I couldn't find any way of doing this (well, not yet anyway).
Adobe uses the underlying OS certificate store. In Windows, this means the same one that IE (and Google Chrome) use.
The only solution I've come up with is to, under linux, follow the instructions in the link you included, and for Windows, have the user download/install the client certificate via IE (and the server root CA as well, as we've a self-signed certificate for the organisation), then Air uses those certificates.
This comes with some annoyances -
- Unless the user installs the root CA, they are asked to confirm the server's security certificate.

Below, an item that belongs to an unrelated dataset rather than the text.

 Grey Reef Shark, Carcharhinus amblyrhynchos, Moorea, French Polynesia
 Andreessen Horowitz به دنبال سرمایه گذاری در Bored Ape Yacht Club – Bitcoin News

- The user will be asked to confirm the client certificate is used on every request to the server (and in a business application that does a lot of data requests, this makes it unusable). To work around this, the only way I've found is to have the user go into IE, go and enable
Tools -> Internet Options -> Security -> Custom Level -> Miscellaneous -> "Don't prompt for client certificate selection when no certificate or only one certificate exists"
. This stops the constant requests (though of course, doesn't work if there is more than one certificate.
- Adobe Air will still fail, with all of this though, unless the user also goes, in IE, to
Tools -> Internet Options -> Advanced -> Security -> "Check for service certificate revocation*"
and unchecks this. This is probably only necessary with self-signed server certificates for servers that don't support revocation, but I'm not sure.
Anyway, as you can see, it's all a horrible mess.